> _Problem statement_
Reproduce the entries exactly as they appear below.

[Entries taken from a collection]
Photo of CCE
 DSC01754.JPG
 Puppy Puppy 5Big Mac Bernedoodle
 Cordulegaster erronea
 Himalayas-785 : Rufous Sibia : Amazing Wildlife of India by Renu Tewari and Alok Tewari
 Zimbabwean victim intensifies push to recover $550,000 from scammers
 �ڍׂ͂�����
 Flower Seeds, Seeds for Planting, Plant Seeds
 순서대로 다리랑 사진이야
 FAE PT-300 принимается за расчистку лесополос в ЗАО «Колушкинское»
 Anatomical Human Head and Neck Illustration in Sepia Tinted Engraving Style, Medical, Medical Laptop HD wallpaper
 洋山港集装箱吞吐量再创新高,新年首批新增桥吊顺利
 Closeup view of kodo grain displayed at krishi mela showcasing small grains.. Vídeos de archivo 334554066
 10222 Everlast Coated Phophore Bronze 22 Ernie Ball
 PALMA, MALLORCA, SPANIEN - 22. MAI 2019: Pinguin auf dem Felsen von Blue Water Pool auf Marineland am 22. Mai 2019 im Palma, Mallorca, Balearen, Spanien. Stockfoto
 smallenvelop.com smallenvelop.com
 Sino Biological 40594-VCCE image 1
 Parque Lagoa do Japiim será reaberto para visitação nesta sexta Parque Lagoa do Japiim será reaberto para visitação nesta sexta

> _Solution to this task_
Photo of CCE
 DSC01754.JPG
 Puppy Puppy 5Big Mac Bernedoodle
 Cordulegaster erronea
 Himalayas-785 : Rufous Sibia : Amazing Wildlife of India by Renu Tewari and Alok Tewari
 Zimbabwean victim intensifies push to recover $550,000 from scammers
 �ڍׂ͂�����
 Flower Seeds, Seeds for Planting, Plant Seeds
 순서대로 다리랑 사진이야
 FAE PT-300 принимается за расчистку лесополос в ЗАО «Колушкинское»
 Anatomical Human Head and Neck Illustration in Sepia Tinted Engraving Style, Medical, Medical Laptop HD wallpaper
 洋山港集装箱吞吐量再创新高,新年首批新增桥吊顺利
 Closeup view of kodo grain displayed at krishi mela showcasing small grains.. Vídeos de archivo 334554066
 10222 Everlast Coated Phophore Bronze 22 Ernie Ball
 PALMA, MALLORCA, SPANIEN - 22. MAI 2019: Pinguin auf dem Felsen von Blue Water Pool auf Marineland am 22. Mai 2019 im Palma, Mallorca, Balearen, Spanien. Stockfoto
 smallenvelop.com smallenvelop.com
 Sino Biological 40594-VCCE image 1
 Parque Lagoa do Japiim será reaberto para visitação nesta sexta Parque Lagoa do Japiim será reaberto para visitação nesta sexta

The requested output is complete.